■ What is required ■
Copy the data exactly, pictures aside.

■ Record extracts ■

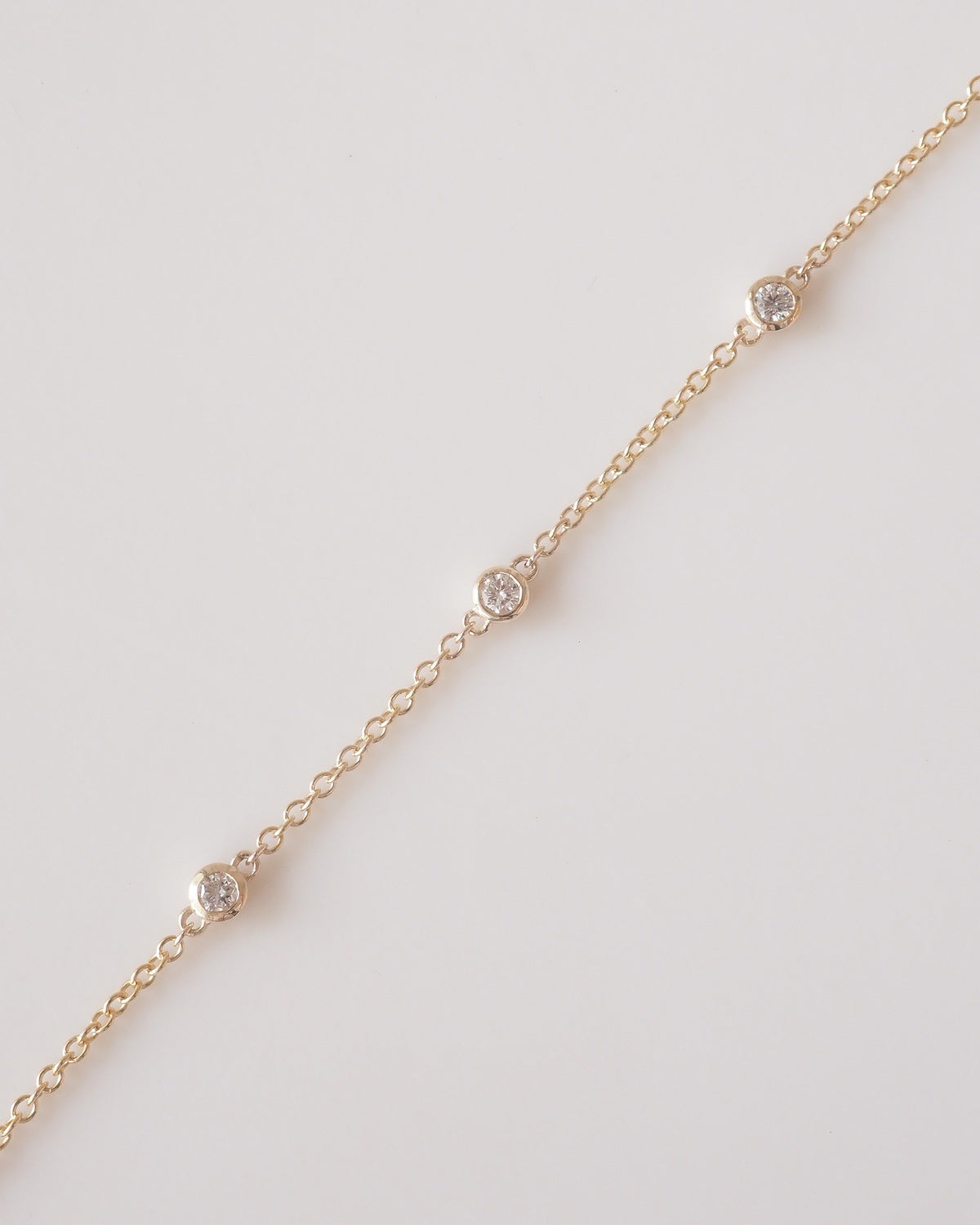 A delicate gold chain bracelet with three small round bezel-set clear stones spaced along the length of the chain, photographed on a clean off-white background.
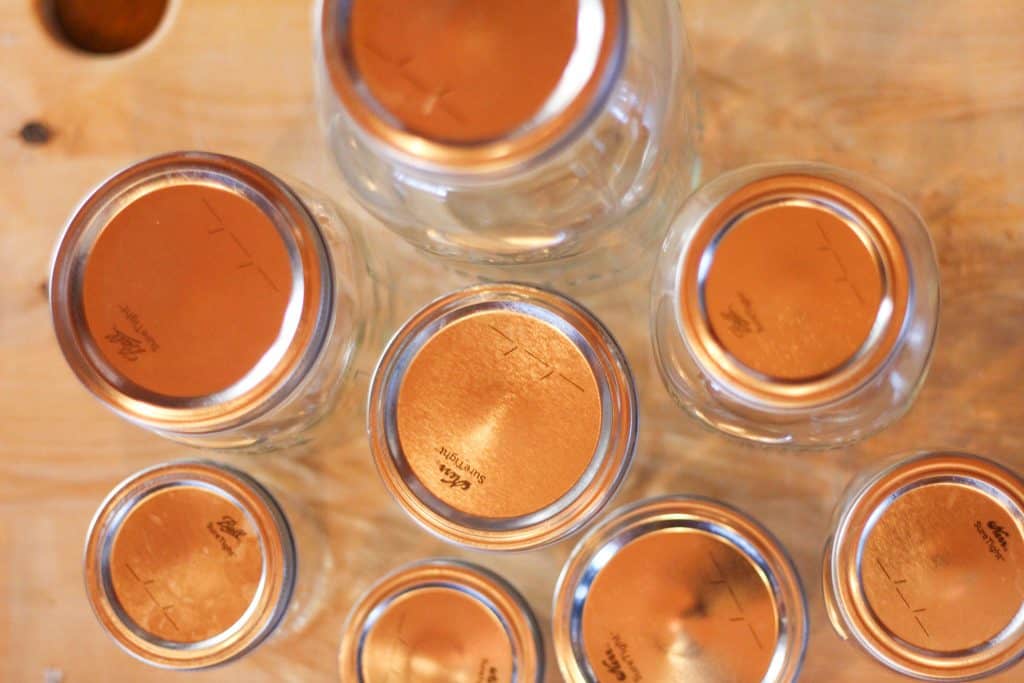 Looking down onto empty canning jars and their lids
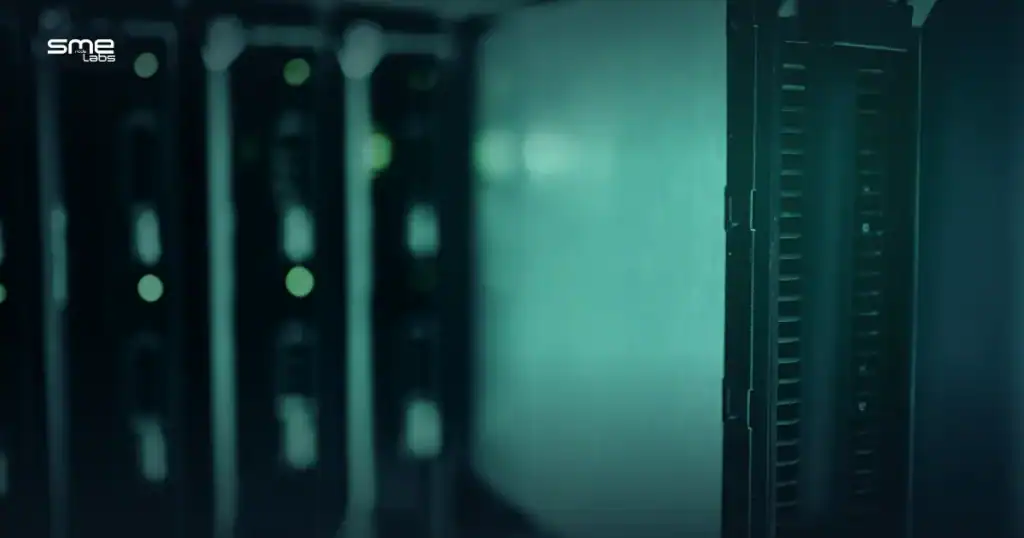 Close-up of a server drive sliding into a rack, lit in teal-blue tones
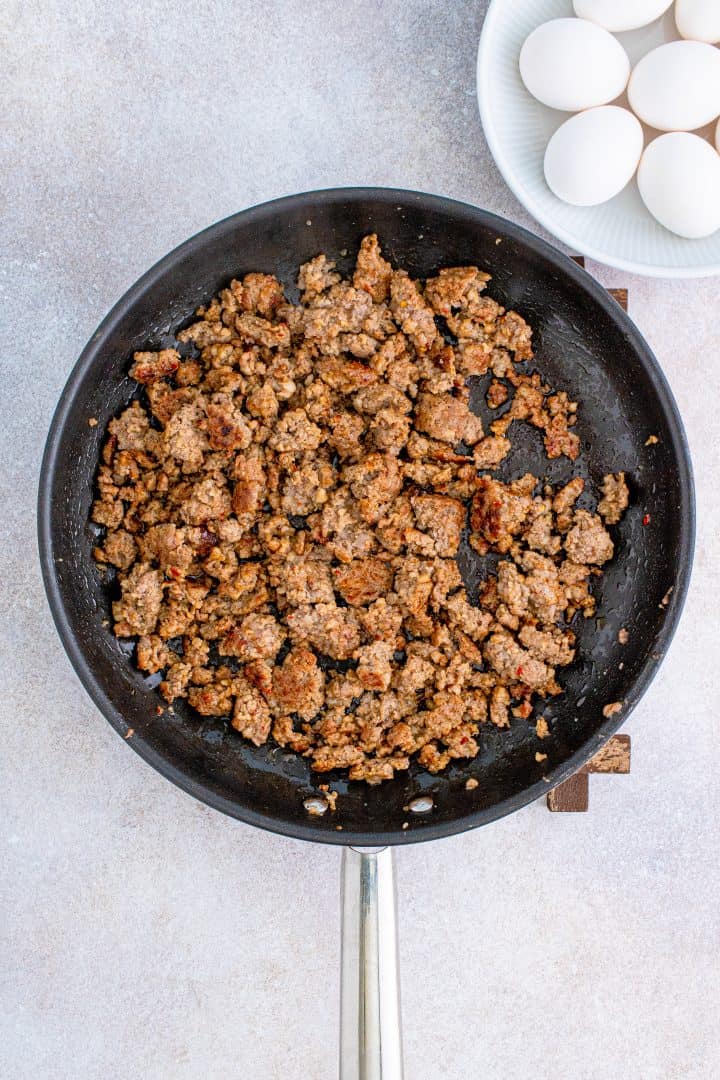 cooked and crumbled and browned ground sausage in a skillet.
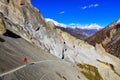 Trekker in red jacket in Himalayas mountains Royalty Free Stock Photo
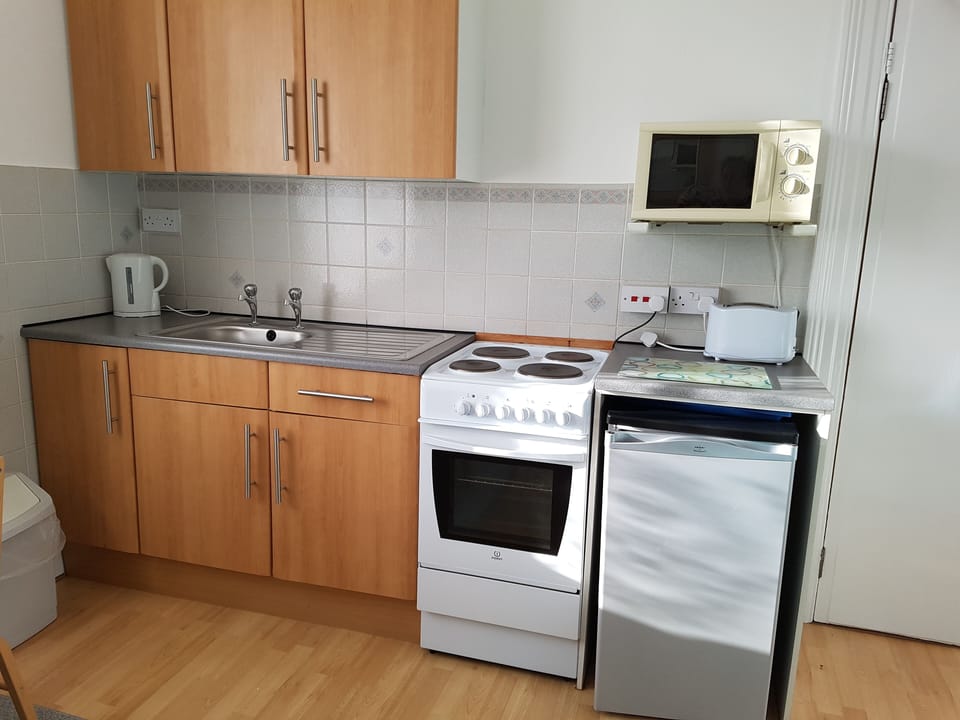 Fully equipped kitchen area - Flat 1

■ Reply to the exercise ■
 A delicate gold chain bracelet with three small round bezel-set clear stones spaced along the length of the chain, photographed on a clean off-white background.
 Looking down onto empty canning jars and their lids
 Close-up of a server drive sliding into a rack, lit in teal-blue tones
 cooked and crumbled and browned ground sausage in a skillet.
 Trekker in red jacket in Himalayas mountains Royalty Free Stock Photo
 Fully equipped kitchen area - Flat 1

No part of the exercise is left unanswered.